> **Work required**
Copy the records below exactly as they stand. Leave out the pictures.

(Given data)

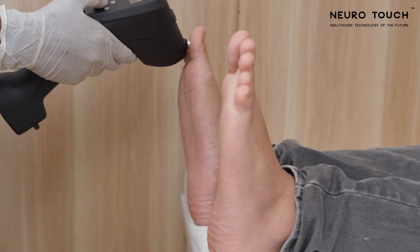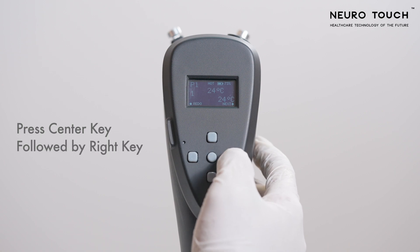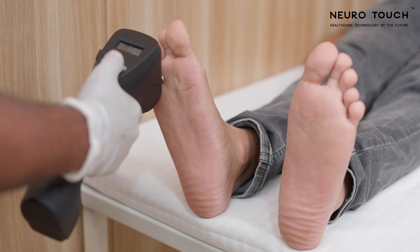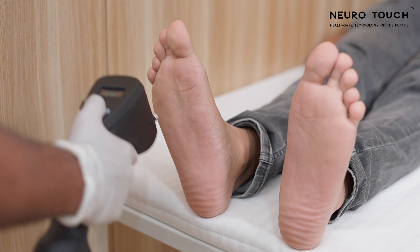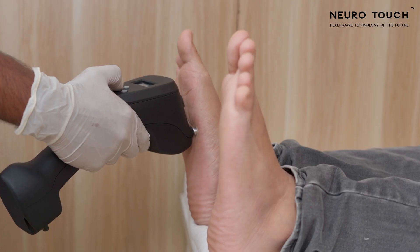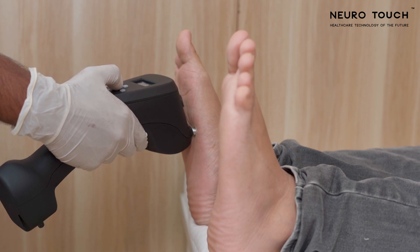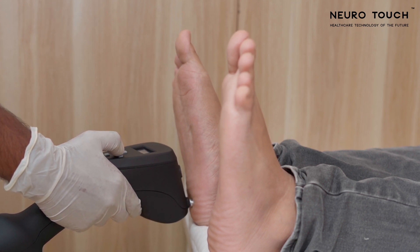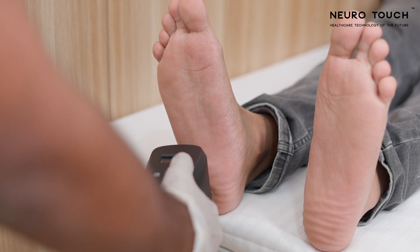Place the hot probe against the patient's test point and take feedback from the patient. The patient should perceive mild warmth when the probe is placed against the test point. Hold the probe against the test point for approximately three to five seconds, as it takes some time for the patient to perceive the warmth of the probe.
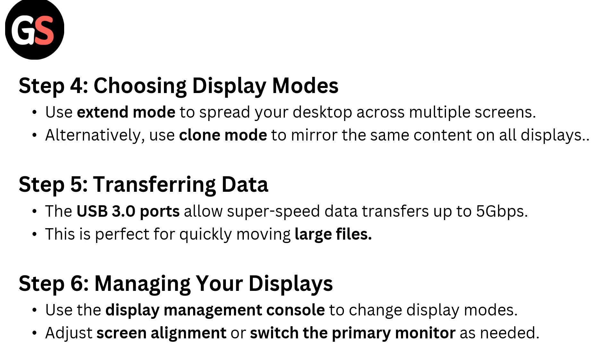Step 5: Transferring data. The USB 3.0 ports allow super-speed data transfer up to 5 Gbps, which is perfect for quickly moving large files.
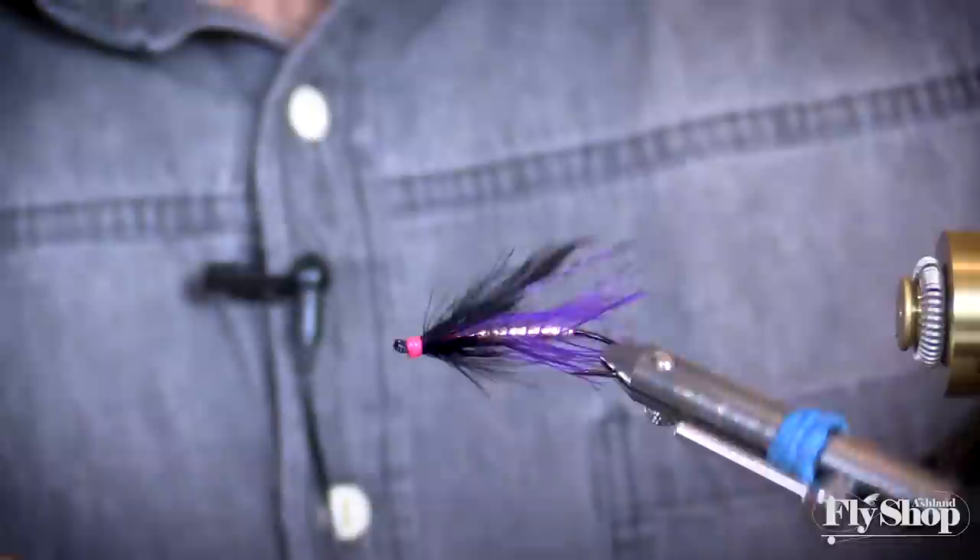Thanks for following along with this Rogue River traditional fly. It's black and purple, which makes it really versatile in the mornings and evenings on a light line, even a floating line. And throughout the day it's a good searching pattern for steelhead under a sink tip. Thanks for tuning in.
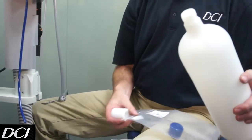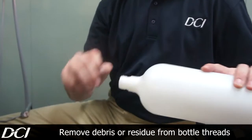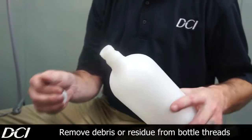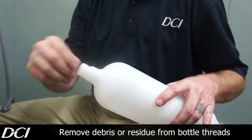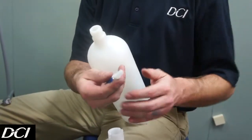The first one I like to start with is going to be the bottle. This bottle has a little bit of wear to it — I just want to make sure it's cleaned up, that there's no debris, no residue, anything like that.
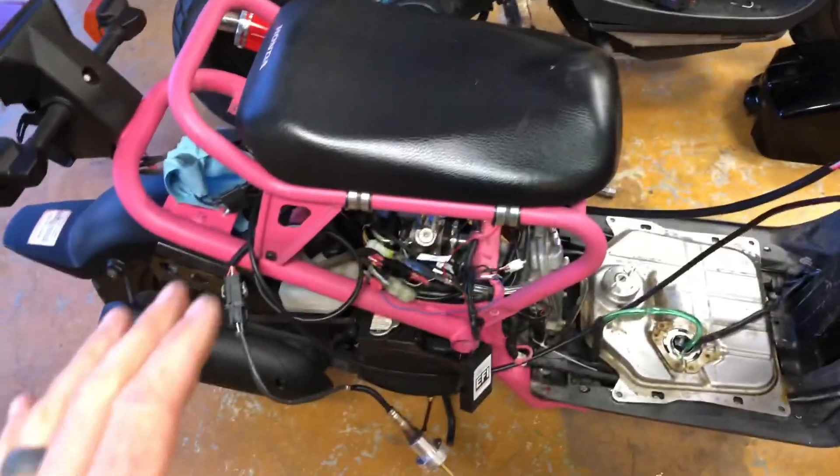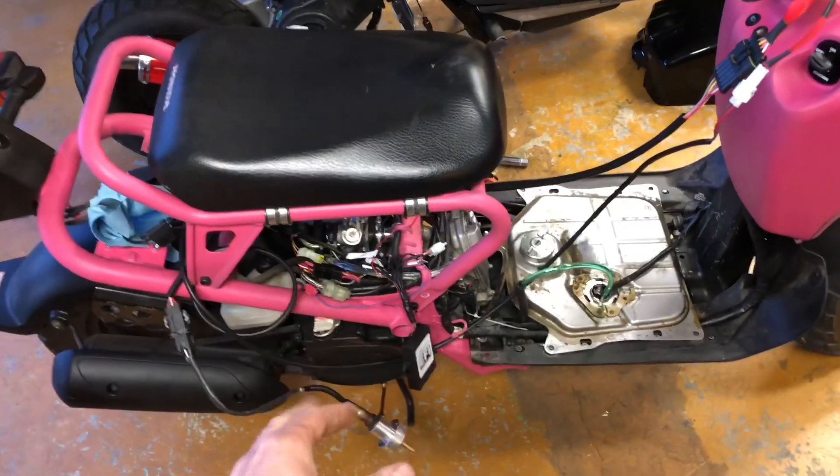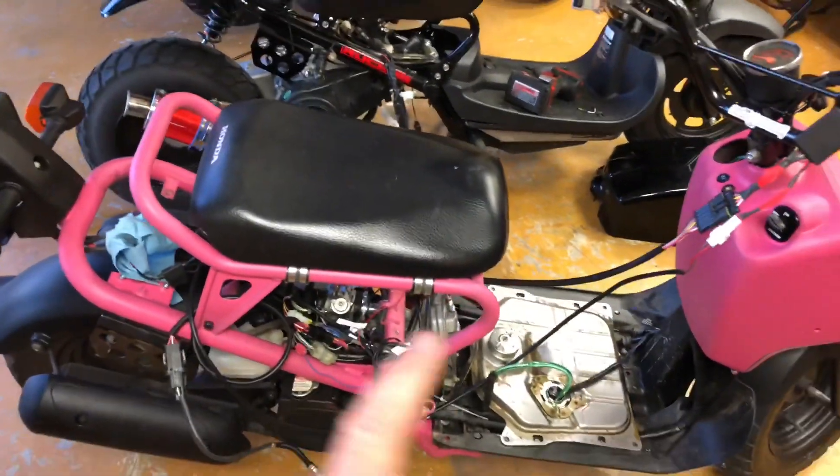We've made this EFI kit our own by creating an actual plug-and-play where it plugs in perfectly. We've also spent hours upon hours tuning it so it's perfect for the GY6 motor at sea level. We'll have different tunes for different modifications — different pipes, intakes, things like that. We've used a wideband sensor to make it absolutely perfect, so this should plug in just as easy as a carburetor. It'll have better performance and better throttle response than the 20mm carburetor, and I'll prove that in a later video.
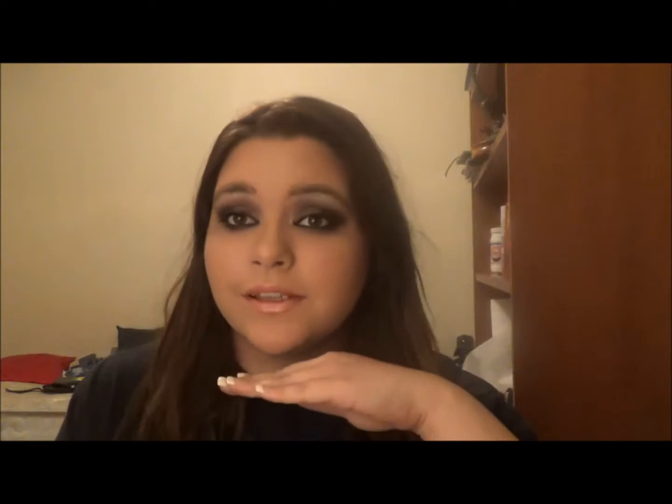So today I'm going to be doing this smoky eye look for you. I really, really like how this look turned out. I was just playing around with some new products and I really like it. So if you guys want to see this tutorial then please keep on watching, and I will list all the products that I use down below. If you have any questions or comments or concerns then just let me know.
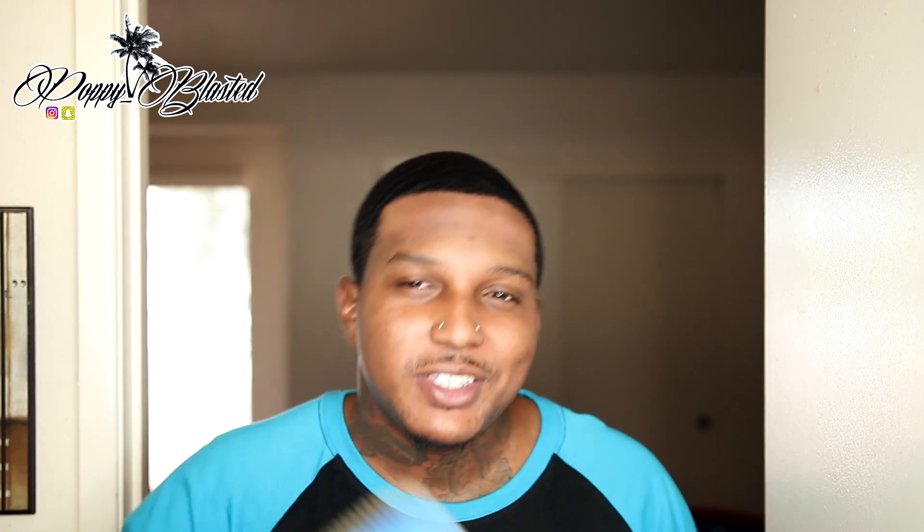All right, YouTube, what's good, man? It's your boy, Puppet, a.k.a. the Rope God. And today I'm coming at y'all with a video on what to do — what exactly to do after a fresh cut, a week after the fresh cut. What should you do? I'm pretty sure your hair is growing crazy.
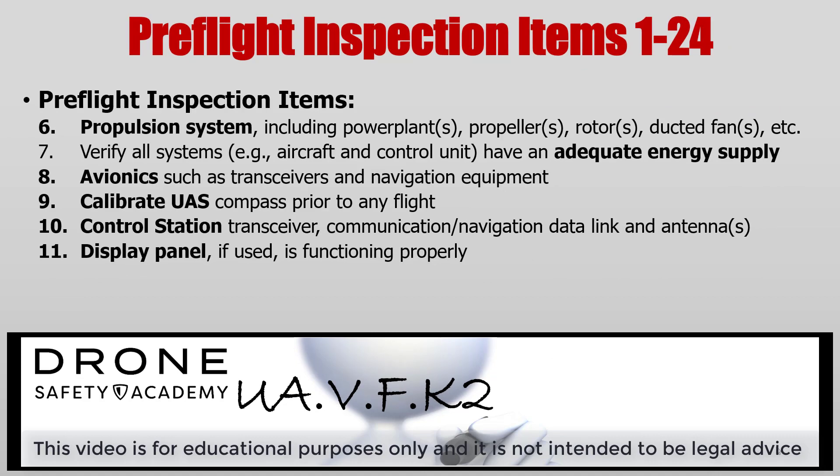Here's a common one — the propulsion system, in this case the propellers. Make sure that there are no cracks in your propellers and that the propellers are on the right servo motors. Make sure that your UA, control station, or any other device that requires energy to operate properly has adequate energy supply. Don't forget the avionics, such as transceivers and navigation equipment. Also, before every flight, you need to make sure your UA is calibrated. Double check your control station transceiver, the communication navigation data links, and antennas for the control station.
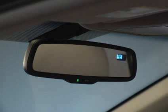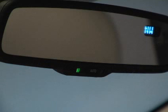Your vehicle's inside rear-view mirror features an auto anti-glare function that helps reduce glare from the headlights of a vehicle traveling behind you. When your ignition is in the on position, the rear-view mirror always turns on the automatic anti-glare mode and an indicator illuminates.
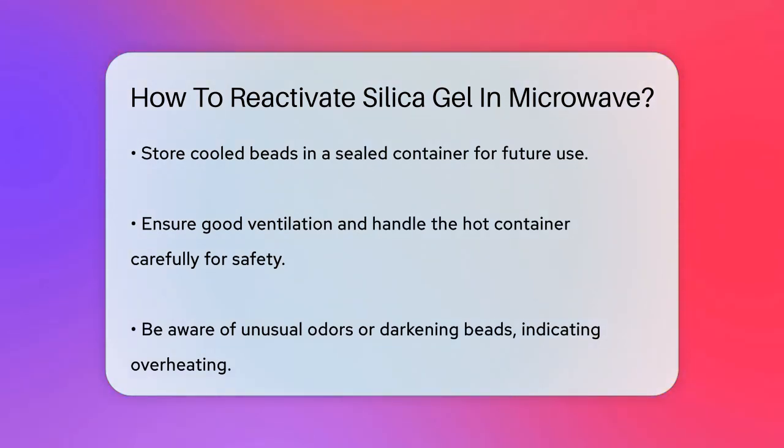By following these steps, you can easily reactivate your silica gel packets in the microwave, extending their lifespan and keeping them effective for controlling moisture.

(End Given data)

> **Solution to this task**
Place the hot probe against the patient's test point and take feedback from the patient. The patient should perceive mild warmth when the probe is placed against the test point. Hold the probe against the test point for approximately three to five seconds, as it takes some time for the patient to perceive the warmth of the probe.
Step 5: Transferring data. The USB 3.0 ports allow super-speed data transfer up to 5 Gbps, which is perfect for quickly moving large files.
Thanks for following along with this Rogue River traditional fly. It's black and purple, which makes it really versatile in the mornings and evenings on a light line, even a floating line. And throughout the day it's a good searching pattern for steelhead under a sink tip. Thanks for tuning in.
The first one I like to start with is going to be the bottle. This bottle has a little bit of wear to it — I just want to make sure it's cleaned up, that there's no debris, no residue, anything like that.
We've made this EFI kit our own by creating an actual plug-and-play where it plugs in perfectly. We've also spent hours upon hours tuning it so it's perfect for the GY6 motor at sea level. We'll have different tunes for different modifications — different pipes, intakes, things like that. We've used a wideband sensor to make it absolutely perfect, so this should plug in just as easy as a carburetor. It'll have better performance and better throttle response than the 20mm carburetor, and I'll prove that in a later video.
So today I'm going to be doing this smoky eye look for you. I really, really like how this look turned out. I was just playing around with some new products and I really like it. So if you guys want to see this tutorial then please keep on watching, and I will list all the products that I use down below. If you have any questions or comments or concerns then just let me know.
All right, YouTube, what's good, man? It's your boy, Puppet, a.k.a. the Rope God. And today I'm coming at y'all with a video on what to do — what exactly to do after a fresh cut, a week after the fresh cut. What should you do? I'm pretty sure your hair is growing crazy.
Here's a common one — the propulsion system, in this case the propellers. Make sure that there are no cracks in your propellers and that the propellers are on the right servo motors. Make sure that your UA, control station, or any other device that requires energy to operate properly has adequate energy supply. Don't forget the avionics, such as transceivers and navigation equipment. Also, before every flight, you need to make sure your UA is calibrated. Double check your control station transceiver, the communication navigation data links, and antennas for the control station.
Your vehicle's inside rear-view mirror features an auto anti-glare function that helps reduce glare from the headlights of a vehicle traveling behind you. When your ignition is in the on position, the rear-view mirror always turns on the automatic anti-glare mode and an indicator illuminates.
By following these steps, you can easily reactivate your silica gel packets in the microwave, extending their lifespan and keeping them effective for controlling moisture.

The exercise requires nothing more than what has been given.